Many varieties of Japanese plum survive temperatures as cold as -20°F, such as Early Golden, Ozark Premier, Methley, Obilinaja, Shiro and Vanier. However, warm temperatures during winter months that are followed by severe cold will damage some of these hardy varieties. For the coldest regions, select the type of plum that was cross bred with the American species to allow gardeners to grow plums in zone 4. Varieties with sufficient hardiness for Zone 4 (-30°F) are Alderman, Black Ice, LaCresent, Pipestone, South Dakota, Superior, Toka, Underwood, and a few others.

Asian plums
Methley is a hardy Asian plum with great flavor. It has a small fruit size, dark purple skin, and red flesh.

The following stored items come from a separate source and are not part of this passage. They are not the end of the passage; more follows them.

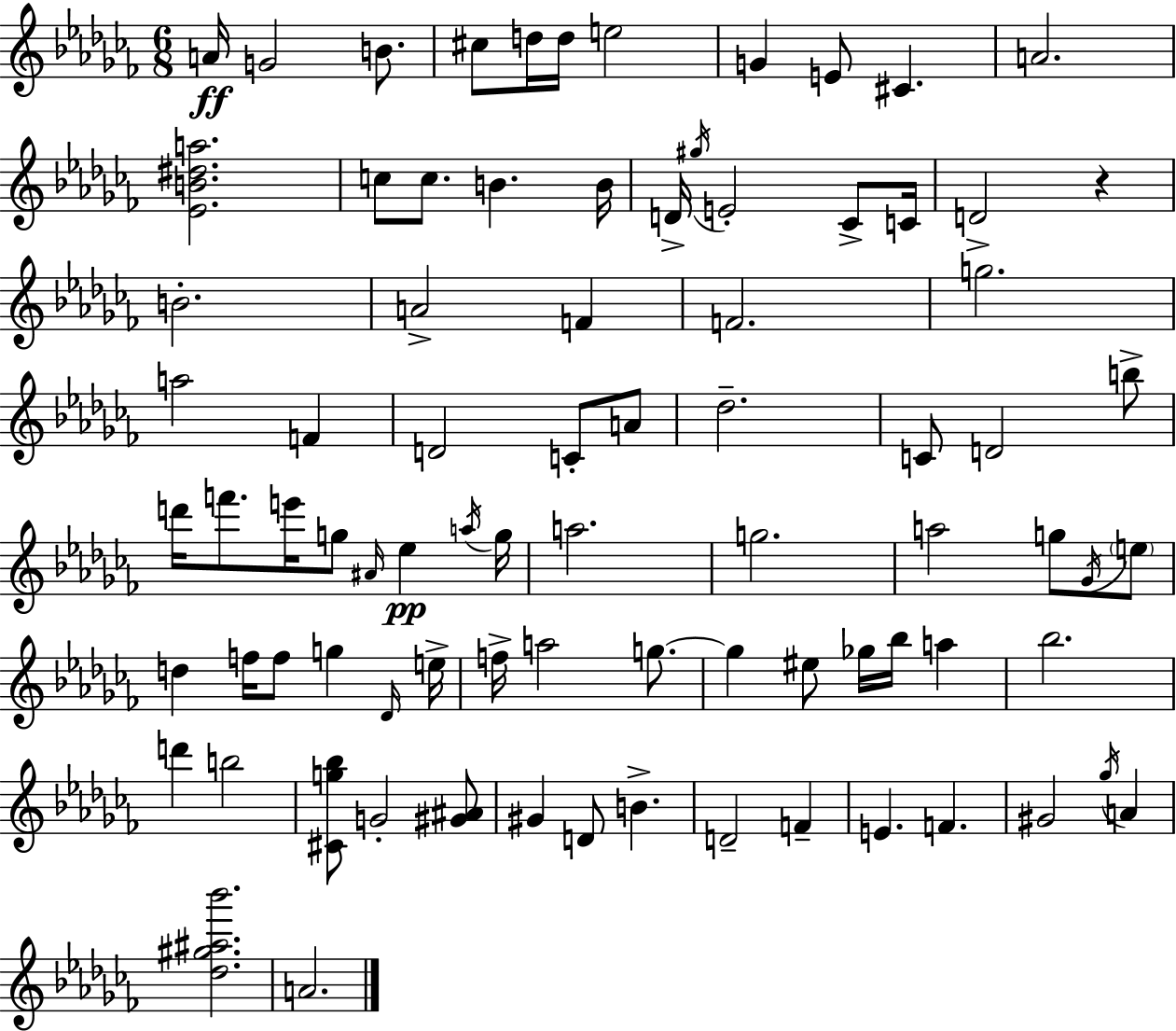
{
  \clef treble
  \numericTimeSignature
  \time 6/8
  \key aes \minor
  a'16\ff g'2 b'8. | cis''8 d''16 d''16 e''2 | g'4 e'8 cis'4. | a'2. | \break <ees' b' dis'' a''>2. | c''8 c''8. b'4. b'16 | d'16-> \acciaccatura { gis''16 } e'2-. ces'8-> | c'16 d'2-> r4 | \break b'2.-. | a'2-> f'4 | f'2. | g''2. | \break a''2 f'4 | d'2 c'8-. a'8 | des''2.-- | c'8 d'2 b''8-> | \break d'''16 f'''8. e'''16 g''8 \grace { ais'16 }\pp ees''4 | \acciaccatura { a''16 } g''16 a''2. | g''2. | a''2 g''8 | \break \acciaccatura { ges'16 } \parenthesize e''8 d''4 f''16 f''8 g''4 | \grace { des'16 } e''16-> f''16-> a''2 | g''8.~~ g''4 eis''8 ges''16 | bes''16 a''4 bes''2. | \break d'''4 b''2 | <cis' g'' bes''>8 g'2-. | <gis' ais'>8 gis'4 d'8 b'4.-> | d'2-- | \break f'4-- e'4. f'4. | gis'2 | \acciaccatura { ges''16 } a'4 <des'' gis'' ais'' bes'''>2. | a'2. | \break \bar "|."
}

Asian plums are susceptible to two difficult problems that are managed by selecting good varieties. When rain occurs as fruit ripen, the skin of some varieties will split open and cause fruit decay. Shiro, Methley, Elephant Heart and Superior are prone to rain-induced skin cracking. Toka, Vanier and Obilinaja are less prone. The second problem is susceptibility to the disease black knot. The disease black knot can infect many varieties, but Obilinaja, Superior and Toka resist infection to a greater extent than other Asian plums.

Gage plums
Gage plums are a type of European plum. They are great for eating fresh and have a rich plum flavor.

European plums ripen a few weeks later than Asian plums and are generally more susceptible to black knot disease. The prune types are elongated in shape and very sweet in flavor. They can be eaten fresh or dried into prunes. The gage types are round in shape and also taste sweet, but are prone to cracking after a heavy rain. The damson types are small and round in shape and tart in flavor making them better for preserves than for eating as fresh fruit. Most European plums are hardy to -20°F, or in Zone 5, but several varieties will tolerant the cold temperatures in Zone 4. For colder sites, select Italian and Mount Royal. For best disease resistance, select President, Green Gage, Early Italian, and Bluebyrd. Black knot is problematic for varieties such as Stanley, Rosy Gage, and many other varieties.

Because the two most common types do not adequately cross pollinate each other, poor yield is a common problem for plum growers, but can be prevented by planting several varieties that are the same type or species. Plant Japanese plums with other varieties of Japanese plums.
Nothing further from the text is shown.